*Exercise goal*.
A faithful copy of the data is the goal; set it down exactly, without the images.

*** Exercise data Section Begins ***

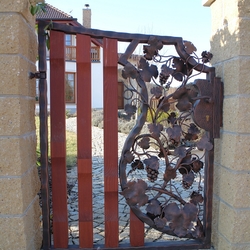 Umelecká bránka vykovaná s erbom viniča pre rodinný dom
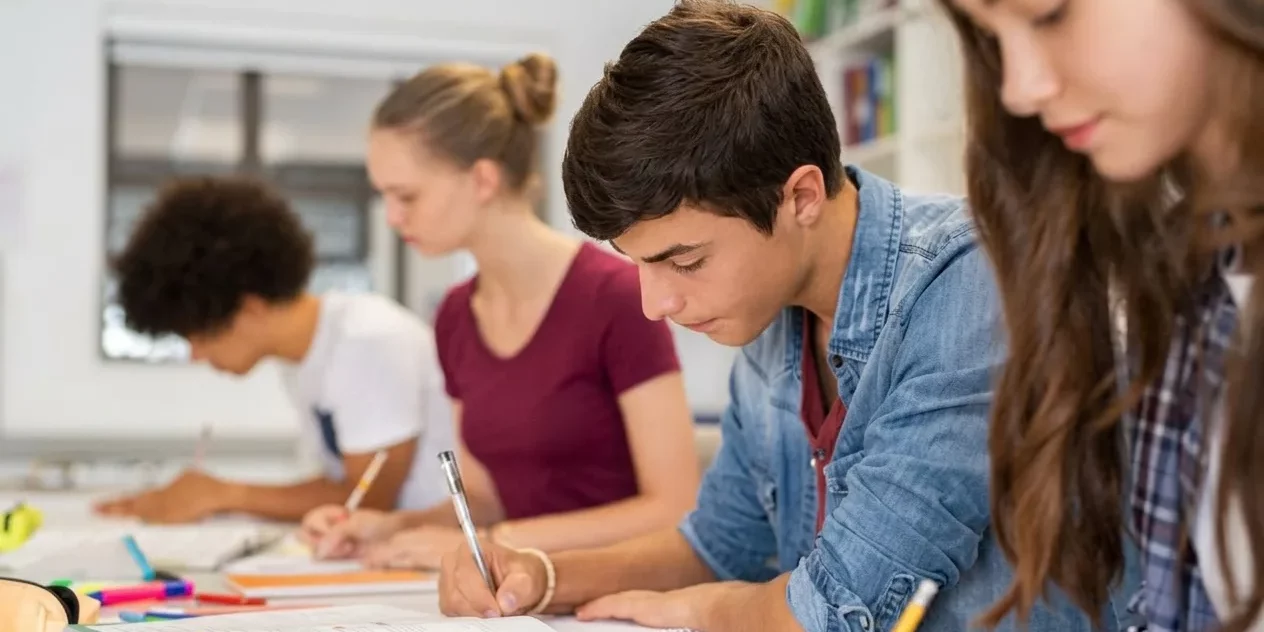 OSSD for International Students: Earn a Canadian Diploma From Home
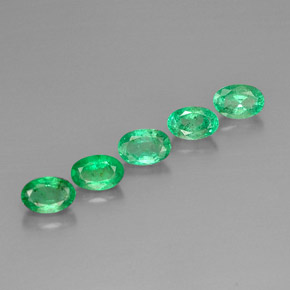 Pedras preciosas de esmeralda verde natural de  ct, corte oval, VS-SI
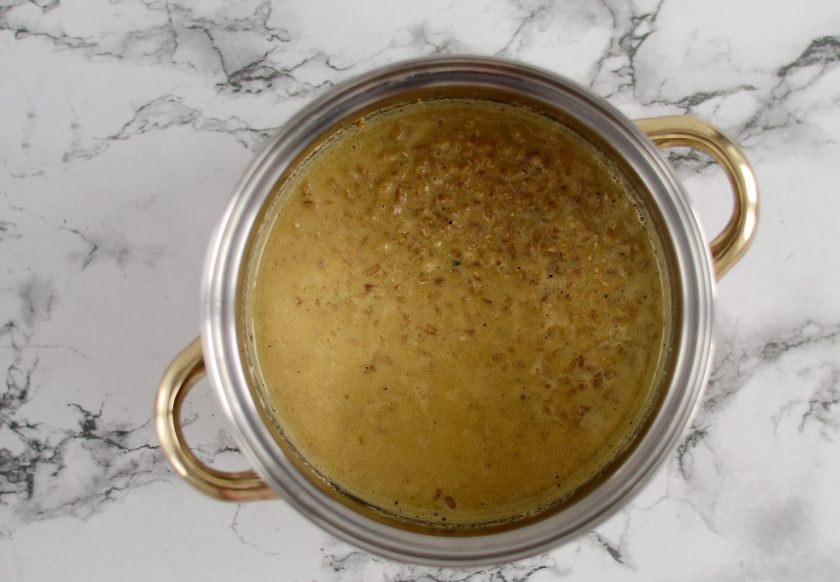 1. Этап. Каша из полбы: Добавьте полбу. Варите кашу 25-30 минут на низком огне.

*** Exercise data Section Ends ***

*Written solution*.
 Umelecká bránka vykovaná s erbom viniča pre rodinný dom
 OSSD for International Students: Earn a Canadian Diploma From Home
 Pedras preciosas de esmeralda verde natural de  ct, corte oval, VS-SI
 1. Этап. Каша из полбы: Добавьте полбу. Варите кашу 25-30 минут на низком огне.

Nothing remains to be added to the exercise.